* _Problem_:
All entries must be repeated exactly. No picture should appear in the result.
+++ Material for the task
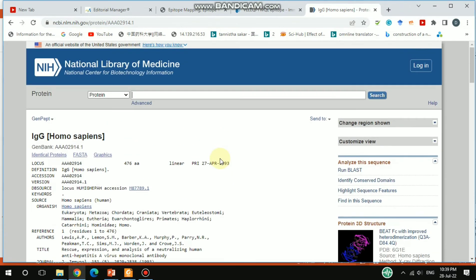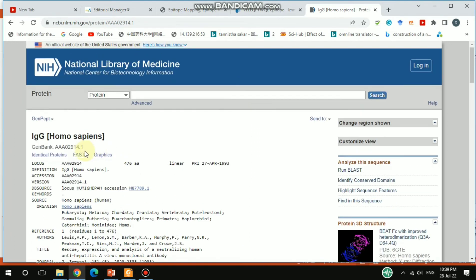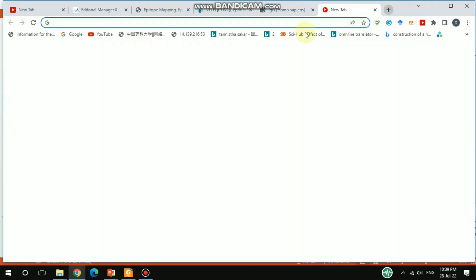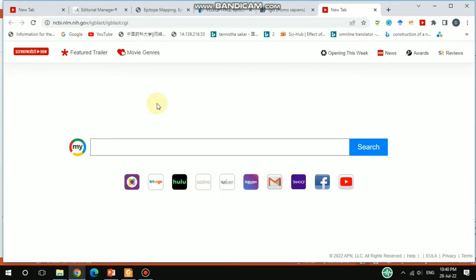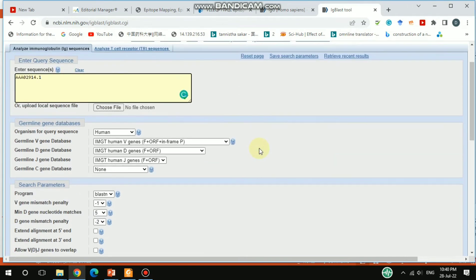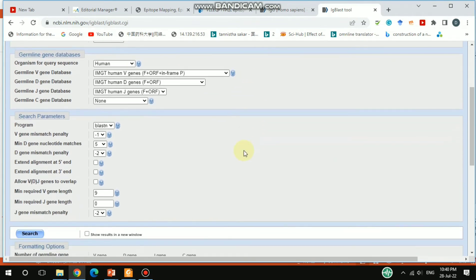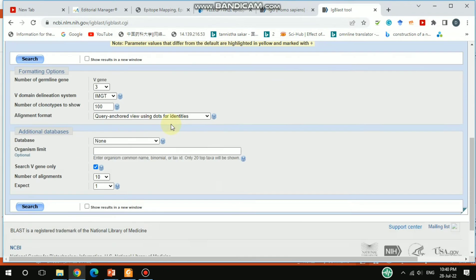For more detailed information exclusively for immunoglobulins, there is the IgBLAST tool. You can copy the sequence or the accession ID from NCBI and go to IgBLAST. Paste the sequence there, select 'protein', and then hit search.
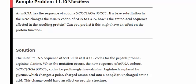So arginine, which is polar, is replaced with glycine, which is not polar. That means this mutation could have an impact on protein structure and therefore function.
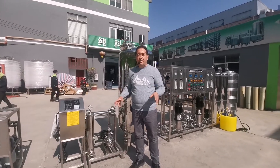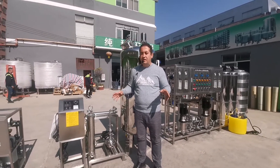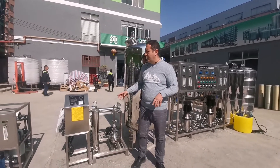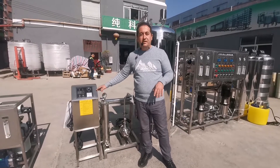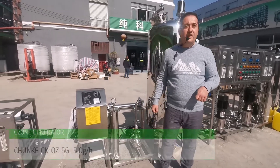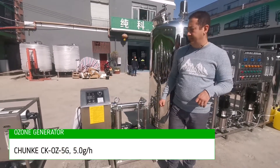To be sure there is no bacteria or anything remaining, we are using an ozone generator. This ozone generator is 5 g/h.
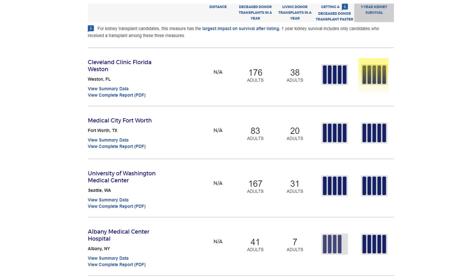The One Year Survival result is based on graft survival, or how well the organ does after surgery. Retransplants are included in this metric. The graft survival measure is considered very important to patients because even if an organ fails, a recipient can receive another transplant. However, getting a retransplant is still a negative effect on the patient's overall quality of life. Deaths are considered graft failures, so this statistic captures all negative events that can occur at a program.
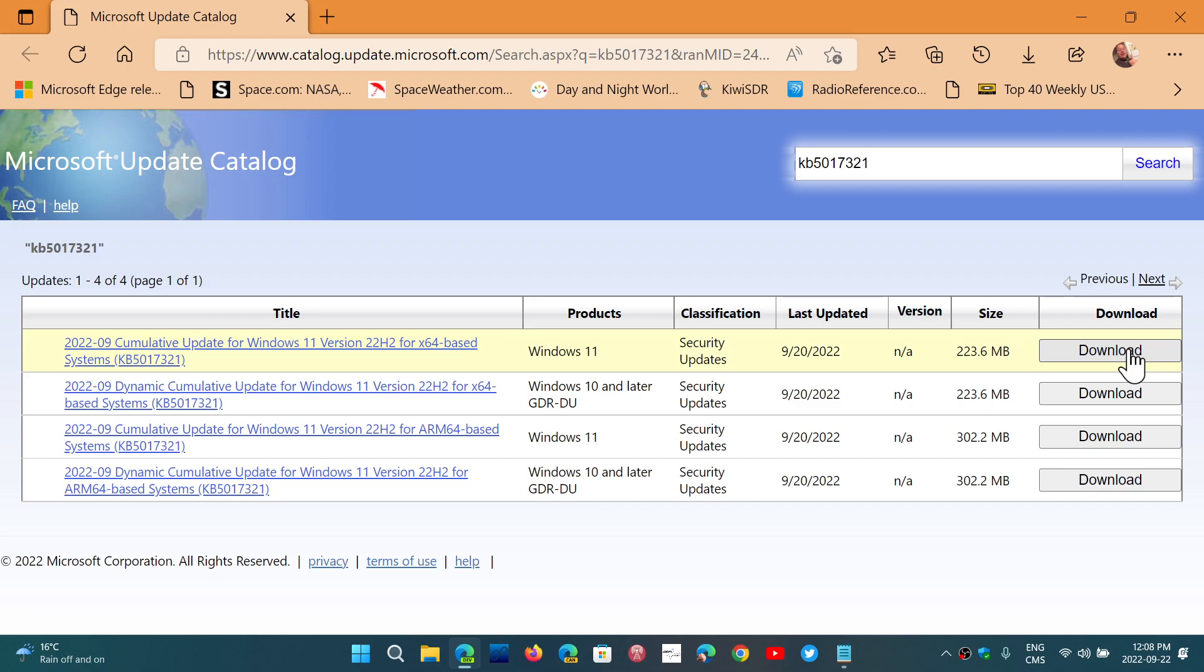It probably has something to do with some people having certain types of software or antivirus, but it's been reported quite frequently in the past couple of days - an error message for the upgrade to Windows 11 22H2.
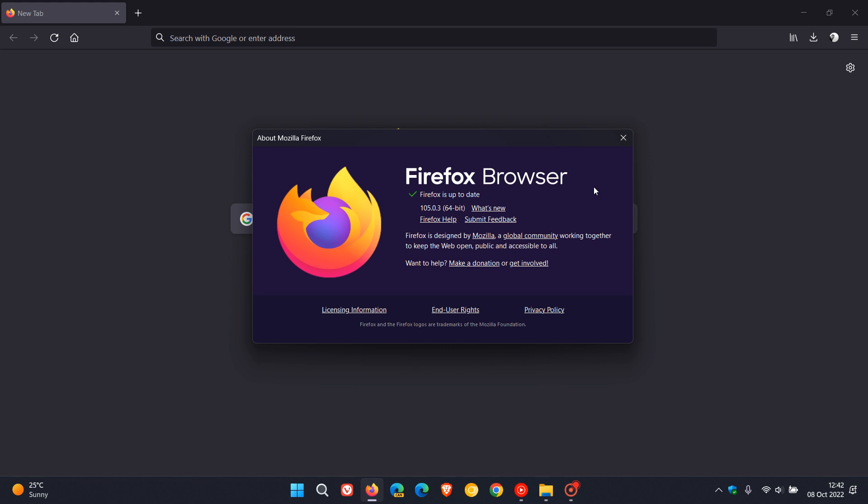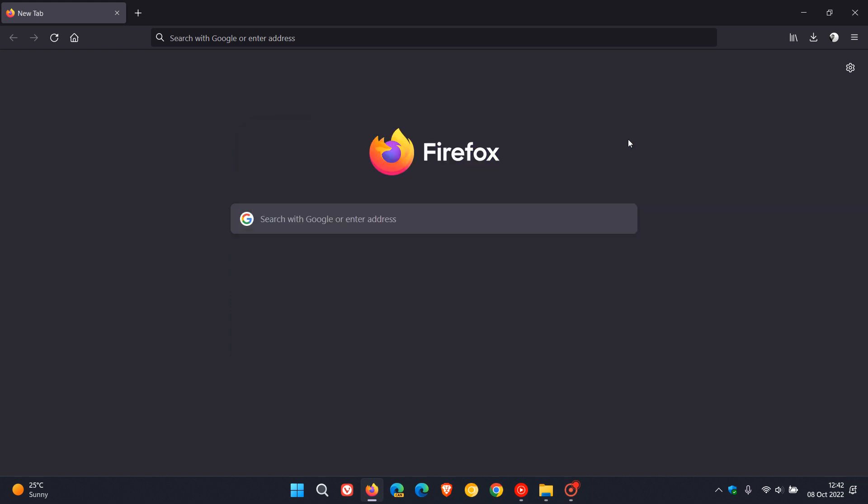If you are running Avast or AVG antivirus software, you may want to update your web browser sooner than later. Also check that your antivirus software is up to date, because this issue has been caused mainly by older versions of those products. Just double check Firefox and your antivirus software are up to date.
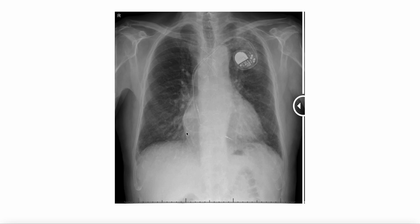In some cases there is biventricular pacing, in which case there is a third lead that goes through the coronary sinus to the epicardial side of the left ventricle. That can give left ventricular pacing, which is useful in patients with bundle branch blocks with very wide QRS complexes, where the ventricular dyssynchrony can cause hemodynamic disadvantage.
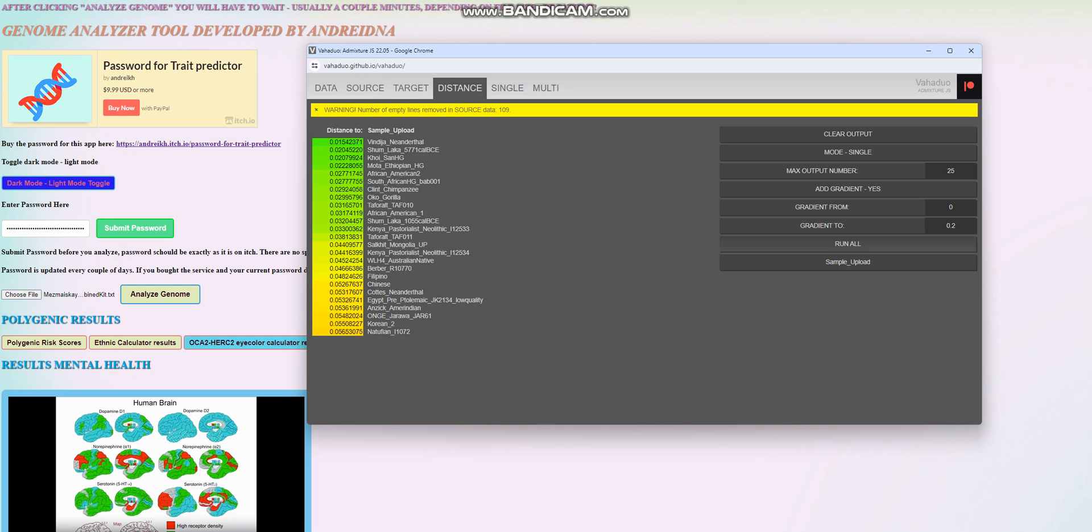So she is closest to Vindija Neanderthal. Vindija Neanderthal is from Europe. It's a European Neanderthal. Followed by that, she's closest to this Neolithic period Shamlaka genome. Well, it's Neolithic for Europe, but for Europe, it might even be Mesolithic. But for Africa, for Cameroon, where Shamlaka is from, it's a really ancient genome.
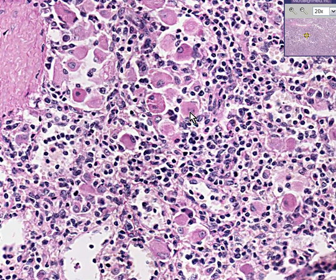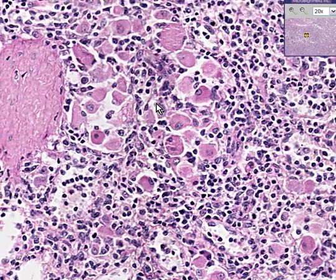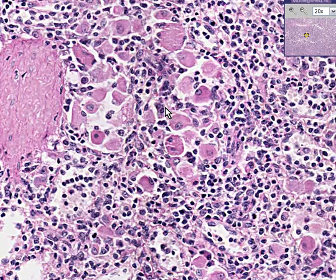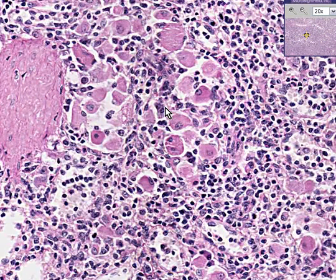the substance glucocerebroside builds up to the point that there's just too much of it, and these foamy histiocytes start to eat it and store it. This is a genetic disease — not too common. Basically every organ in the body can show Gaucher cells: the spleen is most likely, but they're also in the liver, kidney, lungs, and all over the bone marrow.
++++++
* _Your solution_:
For more detailed information exclusively for immunoglobulins, there is the IgBLAST tool. You can copy the sequence or the accession ID from NCBI and go to IgBLAST. Paste the sequence there, select 'protein', and then hit search.
So arginine, which is polar, is replaced with glycine, which is not polar. That means this mutation could have an impact on protein structure and therefore function.
To be sure there is no bacteria or anything remaining, we are using an ozone generator. This ozone generator is 5 g/h.
The One Year Survival result is based on graft survival, or how well the organ does after surgery. Retransplants are included in this metric. The graft survival measure is considered very important to patients because even if an organ fails, a recipient can receive another transplant. However, getting a retransplant is still a negative effect on the patient's overall quality of life. Deaths are considered graft failures, so this statistic captures all negative events that can occur at a program.
It probably has something to do with some people having certain types of software or antivirus, but it's been reported quite frequently in the past couple of days - an error message for the upgrade to Windows 11 22H2.
If you are running Avast or AVG antivirus software, you may want to update your web browser sooner than later. Also check that your antivirus software is up to date, because this issue has been caused mainly by older versions of those products. Just double check Firefox and your antivirus software are up to date.
In some cases there is biventricular pacing, in which case there is a third lead that goes through the coronary sinus to the epicardial side of the left ventricle. That can give left ventricular pacing, which is useful in patients with bundle branch blocks with very wide QRS complexes, where the ventricular dyssynchrony can cause hemodynamic disadvantage.
So she is closest to Vindija Neanderthal. Vindija Neanderthal is from Europe. It's a European Neanderthal. Followed by that, she's closest to this Neolithic period Shamlaka genome. Well, it's Neolithic for Europe, but for Europe, it might even be Mesolithic. But for Africa, for Cameroon, where Shamlaka is from, it's a really ancient genome.
the substance glucocerebroside builds up to the point that there's just too much of it, and these foamy histiocytes start to eat it and store it. This is a genetic disease — not too common. Basically every organ in the body can show Gaucher cells: the spleen is most likely, but they're also in the liver, kidney, lungs, and all over the bone marrow.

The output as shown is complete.